I am very new to ANTLR and am trying to understand how the Lexer and Parser rules work. I'm experiencing issues with a grammar I've written that seem to be related to lexer tokens with multiple characters being seen as "matches" even when only the first few characters actually match. To demonstrate this, I have written a simple ANTLR 3 Grammar:
grammar test;
options {
k=3;
}
@lexer::header { package test;}
@header {package test;}
sentence : (CHARACTER)*;
CHARACTER : 'a'..'z'|' ';
SPECIAL : 'special';
I'm using AntlrWorks to parse the following test input:
apple basic say sponsor speeds speckled specific wonder
The output I get is:
apple basic say nsor ds led ic wonder
It seems to me that the LEXER is using k=1 and therefore matching my SPECIAL token with anything that includes the two letters 'sp'. Once it encounters the letters 'sp', it then matches sucessive characters within the SPECIAL literal until the actual input fails to match the expected token - at which point it throws an error (consuming that character) and then continues with the rest of the sentence.
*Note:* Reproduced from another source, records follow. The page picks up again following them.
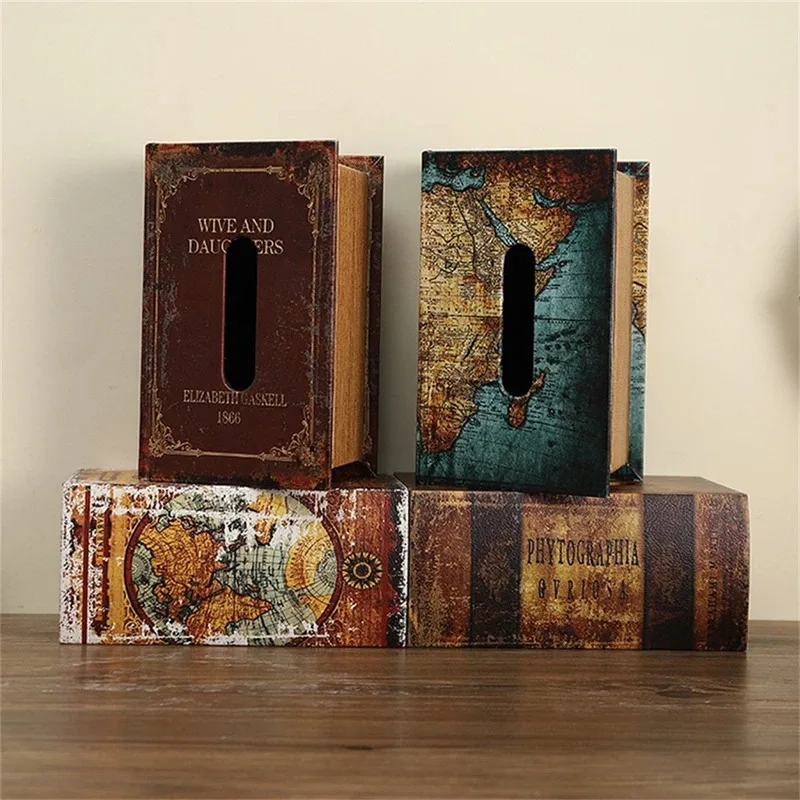 

TOPLIVING Retro European Simulation Book Tissue Box Wooden Coffee Table Napkin Storage Box Living Room Decoration Leather Tissue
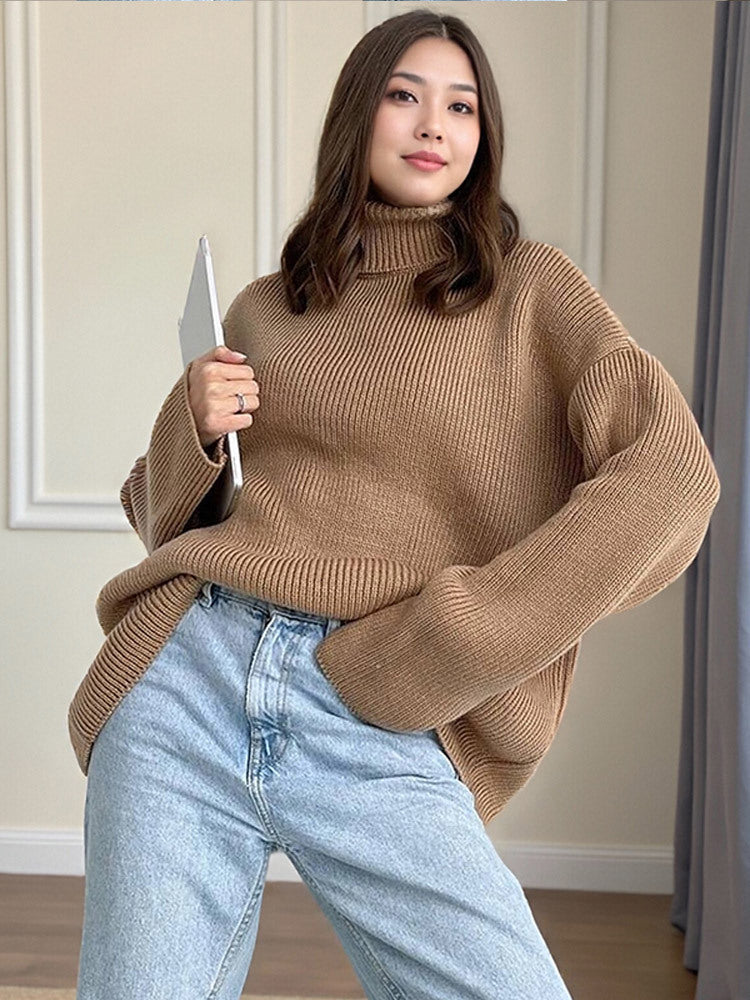 Brenna oversized ribbed turtleneck sweater – image 6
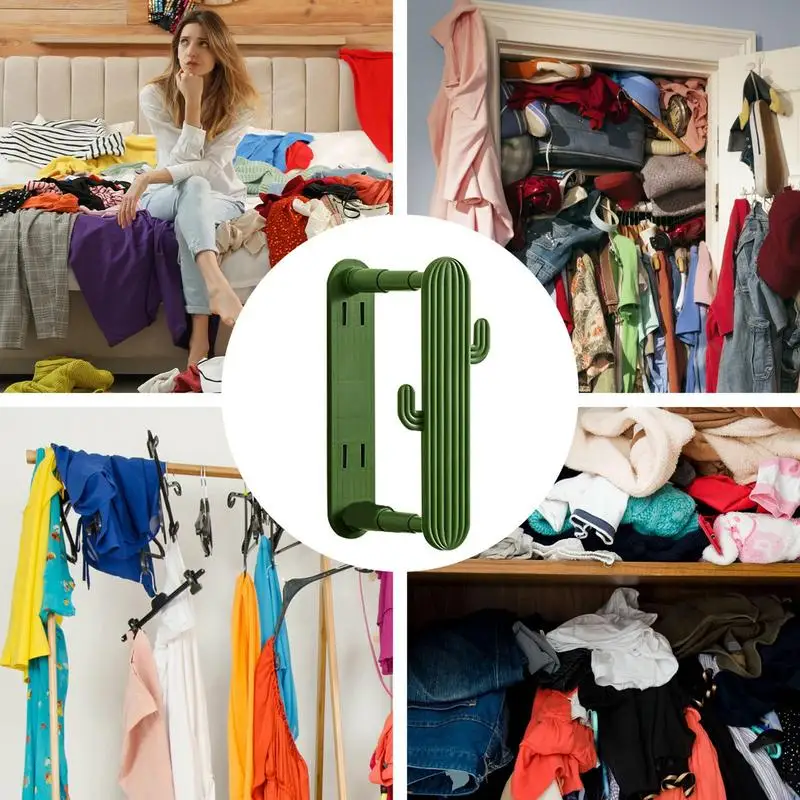 Hanger Organizer Wall Mount Cactus Shape Hanger Storage Holder Extendable Hanger Organizer Rack Space Saving Holder For Hangers 3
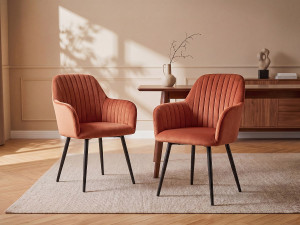 Vente-unique Set van 6 stoelen met armleuningen van velours en zwart metaal - Terracotta - ELEANA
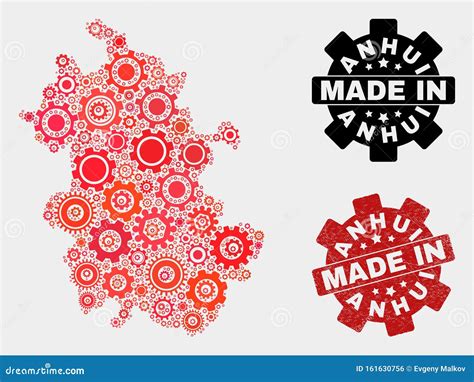 Mosaic Anhui Province Map of Cog Elements and Grunge Stamp Stock Vector - Illustration of gear ...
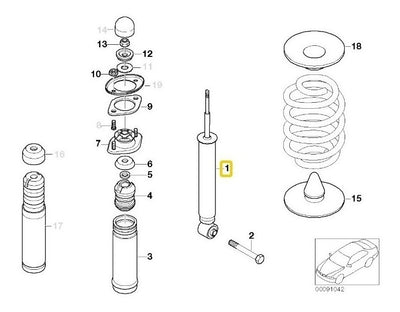 Par Amortiguadores Suspension Trasera Bmw 2002 325ci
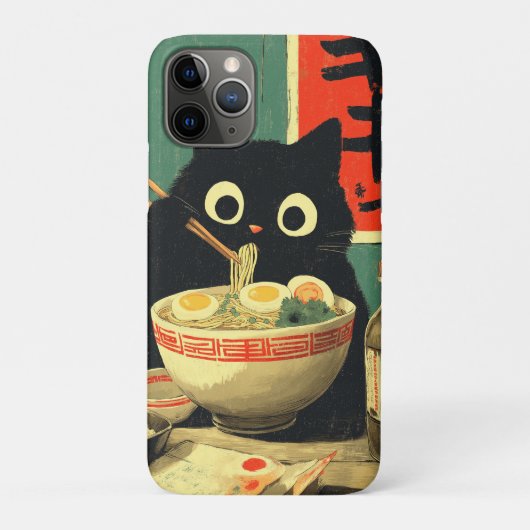 Coques Case-Mate iPhone Chat noir amusant mangeant du Ramen (Dos)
Each error is of the form:
line 1:18 mismatched chracter 'o' expecting 'e'
However, this isn't the behaviour I'm trying to create. I wish to create a lexer token that matches the keyword ('special') - for use in other parser rules not included in this test example. However, I don't want other rules/input that just happens to include the same initial characters to be affected
To summarize:
- How do I actually set antlr 3 options (such as k=2 or k=3 etc)? It seems to me, at least, that the options I'm trying to use here aren't being set.
- Is there a better way to create parser or lexer rules to match a particular keyword in my input, without affecting processing of other parts of the input that don't contain a full match?